6 In Experiment 2, no differences were found between the groups in their (self) maximum standing-reach and sitting heights (ps > .05); however, there was a significant difference in their maximum reach-with-jump heights, t(44) = 2.62, p = .012, such that basketball players could reach higher while jumping than nonbasketball players. There were significant differences found between the model and basketball players in their (self) maximum standing-reach heights, t(22) = –3.01, p = .007, and sitting heights, t(22) = –2.24, p = .04, such that the model could reach higher while standing and had a higher maximum sitting height than basketball players. There was no difference found between the model and basketball players in their maximum reach-with-jump heights (p > .05). There were significant differences found between the model and nonbasketball players in their (self) maximum standing-reach heights, t(22) = –5.13, p < .0001, reach-with-jump heights, t(22) = –6.76, p < .0001, and sitting heights, t(23) = –4.56, p = .0001, such that the model could reach higher while standing and while jumping than could nonbasketball players and also had a significantly higher maximum sitting height than nonbasketball players.

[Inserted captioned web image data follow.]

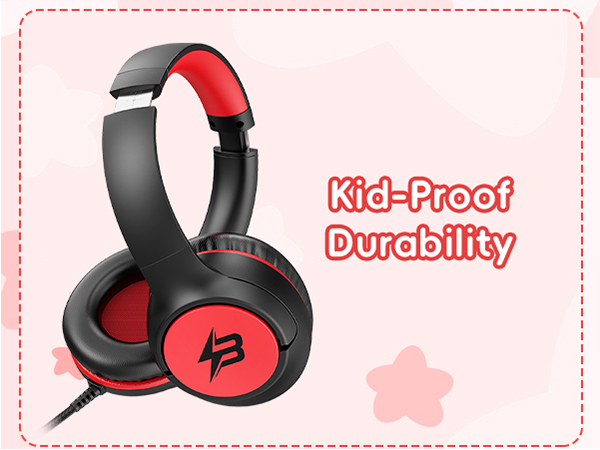 toddler headphones with cord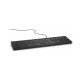 Dell Keyboard KB216 Multimedia Wired Ukrainan musta
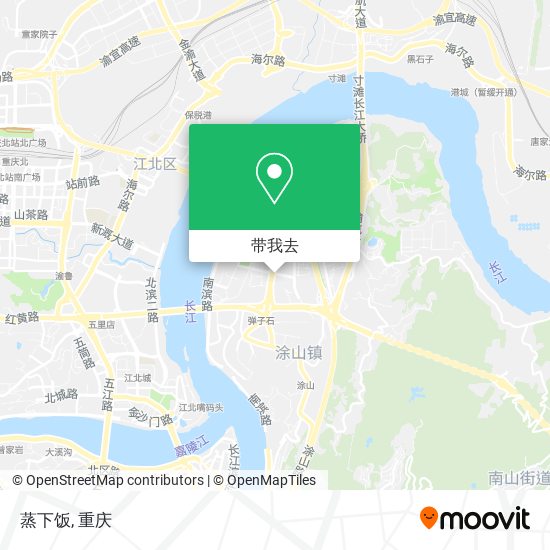蒸下饭地图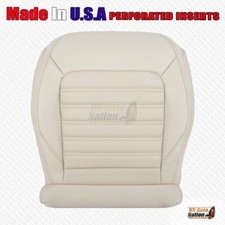 2012 2013 For Volkswagen Passat - Driver Bottom Perforated Leather Cover Beige 2012 2013 For Volkswagen Passat - Driver Bottom Perforated Leather Cover Beige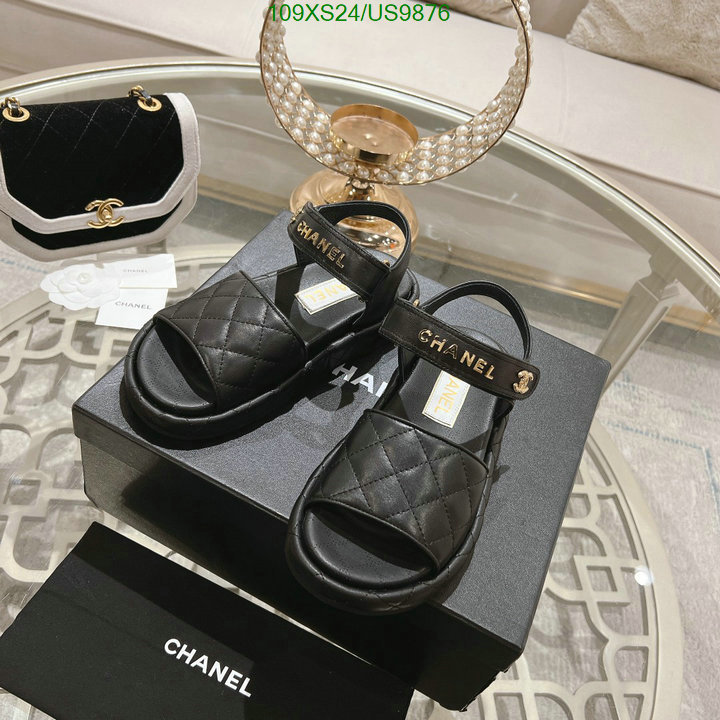 Women Shoes-Chanel Code: US9876 $: 109USD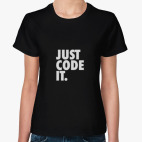 Женская футболка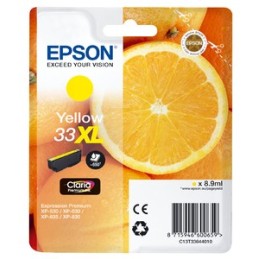 Epson Oranges C13T33644010 cartuccia d'inchiostro 1 pz Originale Giallo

7 In Phase 1, the eye-heights of neither basketball players nor nonplayers were correlated with the maximum standing-reach reports for the model for both information conditions (ps > .05). In Phase 2, the eye-heights of nonplayers were not correlated with maximum standing-reach reports for the model in both information conditions (ps > .05). The eye-heights of basketball players were not correlated with their maximum standing-reach reports for the model in the no-kinematics condition (p > .05); however, the eye-heights of basketball players in the kinematics condition were correlated with their standing-reach reports for the model (r2 = .38, p = .032). In both phases and in both information conditions, the actual maximum standing-reach heights of neither basketball players nor nonplayers were correlated with their reports for the model (all p > .05).

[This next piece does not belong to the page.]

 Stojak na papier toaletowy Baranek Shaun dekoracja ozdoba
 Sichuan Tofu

8 In Phases 1 and 2, the eye-heights of neither basketball players nor nonplayers in both information conditions were correlated with maximum reach-with-jump reports for the model (ps > .05). In both phases and in both information conditions, the actual maximum reach-with-jump heights of neither basketball players nor nonplayers were correlated with their reports for the model (all p > .05).
9 In Phases 1 and 2, the eye-heights of neither basketball players nor nonplayers in both information conditions were correlated with maximum sit reports for the model (ps > .05). In both phases and in both information conditions, the actual sit heights of neither basketball players nor nonplayers were correlated with their reports for the model (all p > .05).